# Collected material

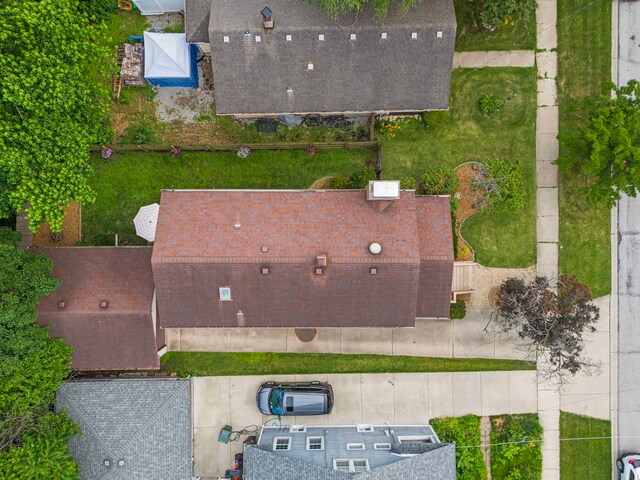 17855 Gottschalk Ave, Homewood, IL 60430 - photo 24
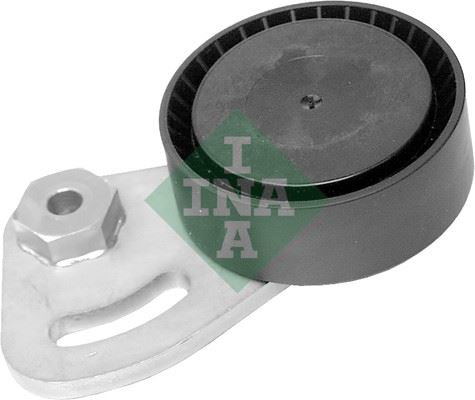 INA 531032210 V Kayis Gergi Rulmani Bmw E36 E38 E39 Land Rover Freelander 1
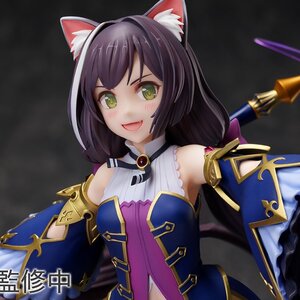 Princess Connect! Re:Dive Karyl 1/7 Scale Figure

# What you are asked to do
Take the listing above and print it exactly, apart from the pictures.

# Solved problem
 17855 Gottschalk Ave, Homewood, IL 60430 - photo 24
 INA 531032210 V Kayis Gergi Rulmani Bmw E36 E38 E39 Land Rover Freelander 1
 Princess Connect! Re:Dive Karyl 1/7 Scale Figure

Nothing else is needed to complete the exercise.